En effet, pour trouver de nouvelles idées ces organisations s’adressent
généralement à la cible qu’elles connaissent le mieux et qu’elles
cherchent en permanence à satisfaire. Elles s’imaginent trouver de
nouveaux moyens de fidélisation et prendre une longueur d’avance sur la
concurrence, avec des produits meilleurs, qui couvrent encore mieux les
besoins de leurs clients. Interrogés, ces derniers auront tendance à
focaliser l’attention de l’entreprise sur le prolongement de recettes
qui les ont déjà séduites dans le passé et lui faire rejeter, dans le
même temps, des innovations trop en rupture, susceptibles de remettre en
cause des habitudes ou des investissements existants (ex : les clients
Nespresso ou de serveurs IBM vont orienter naturellement les pistes
d’innovation vers des solutions qui n’exigeraient pas un renouvellement
complet de leur matériel).
La focalisation (saine en soi) sur ses propres clients a pour fâcheuse
conséquence, de faire oublier les autres cibles et segments de marché
non adressés, émergents ou qu’une innovation technologique majeure
pourrait développer.
Les sociétés connues pour leur capacité d’innovation nous enseignent à
regarder plus loin que sa cible et son périmètre d’action actuels.
Ainsi, Apple a su étendre son offre initiale bien au delà du marché des
utilisateurs de ses micro-ordinateurs, en adressant avec l’iPod,
l’iPhone et aujourd’hui avec l’iPad de nouvelles cibles très
larges.
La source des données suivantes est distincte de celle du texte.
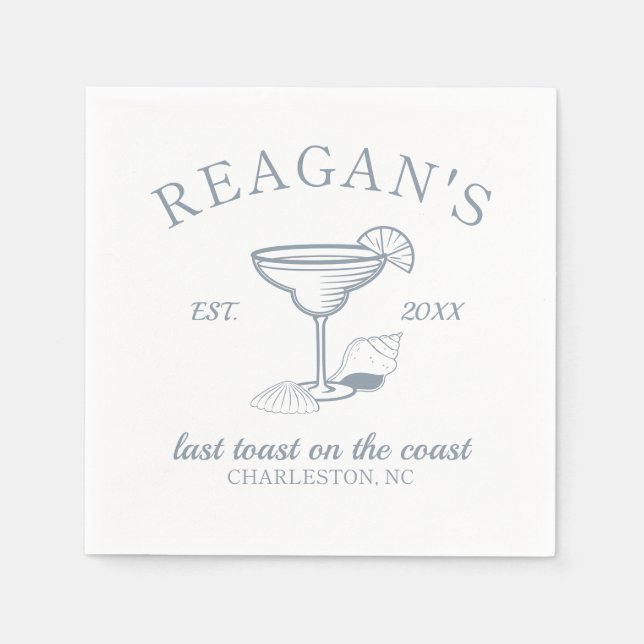 "Last Toast on the Coast" Beach Bachelorette Party Napkin (Front)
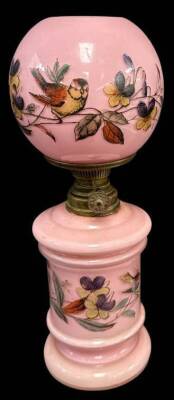 Miniature Pink Oil Lamp with Bird Design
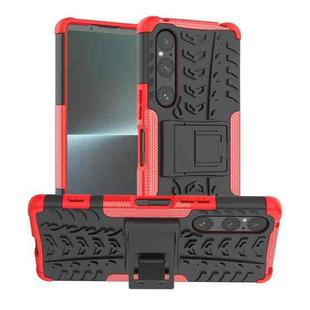 For Sony Xperia 1 V Tire Texture TPU + PC Phone Case with Holder(Red)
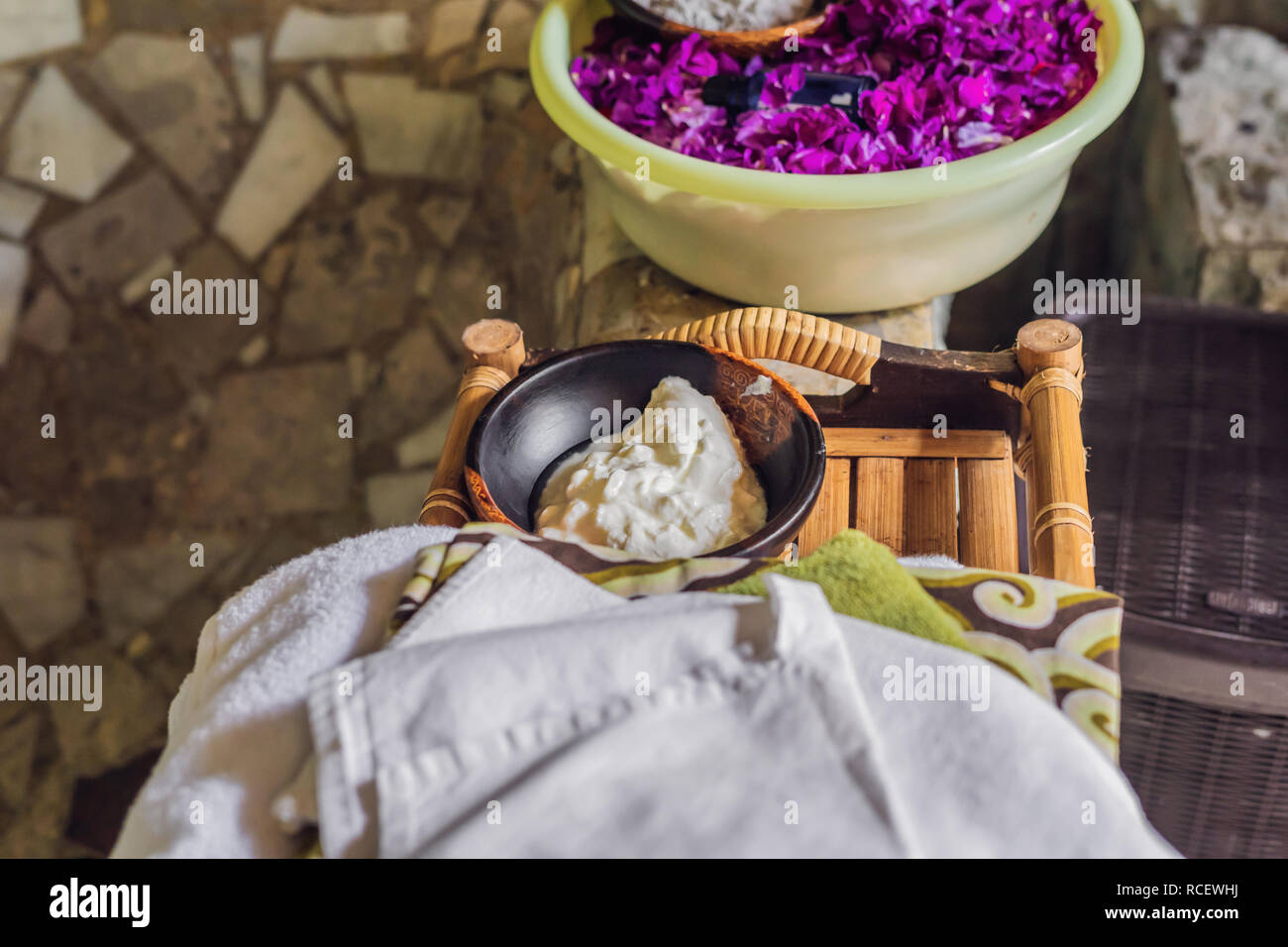 Homemade mask made of sour cream greek yogurt and olive oil. Diy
De même, Google, connu au départ pour son moteur de recherche a
su à la fois apporter des services prolongeant son coeur de métier
(recherche sur le poste de travail, sur des cartes géographiques…)
et élargir son offre à des applicatifs de plus en plus variés et avancés
(gestionnaires de messagerie, d’agenda ou d’images, applications
bureautiques en ligne, etc.), le tout, en conservant la « Google touch »
empreinte de dépouillement et de simplicité.
Que rechercher ?
Dans la masse des études réalisées, peu d’entre elles s’intéressent
véritablement à la détection des besoins non satisfaits.
Pour Tony Ulwick CEO de la société de conseil en Innovation Strategyn et
auteur du livre « What customers want », la plupart des entreprises sont
centrées sur les demandes des consommateurs pour guider leur croissance
et leur innovation. Pour Ulwick, beaucoup de méthodes qualitatives
fournissent une information bien intentionnée mais inadaptée et
terriblement trompeuse, qui aboutit au déraillement du processus
d’innovation. Plutôt que de considérer les « inputs » des consommateurs
comme des besoins, des bénéfices, des spécifications et des solutions,
les chercheurs devraient plutôt se concentrer sur les seuls indicateurs
que les consommateurs utilisent pour mesurer leur réussite lorsqu’ils
effectuent des tâches ou cherchent à ce que certains travaux soient
accomplis. Ulwick, pense que l’utilisation de ces indicateurs comme «
inputs » du processus d’innovation éliminerait une bonne partie du chaos
et de la variabilité qui nuisent particulièrement aux initiatives
nouvelles.
Par définition, aucune innovation de rupture qui marque son temps et
fait changer la façon de voir les choses ne peut être décrite en amont
par le consommateur lui-même. Le simple fait de consommer un produit ne
transforme pas les gens en visionnaires. Au lieu de demander aux clients
d’imaginer les solutions qu’ils attendent ou de formaliser des besoins
qu’ils ressentent, les études marketing devraient donc s’intéresser
davantage aux finalités poursuivies, en essayant d’en identifier les
prolongements possibles et les besoins non couverts.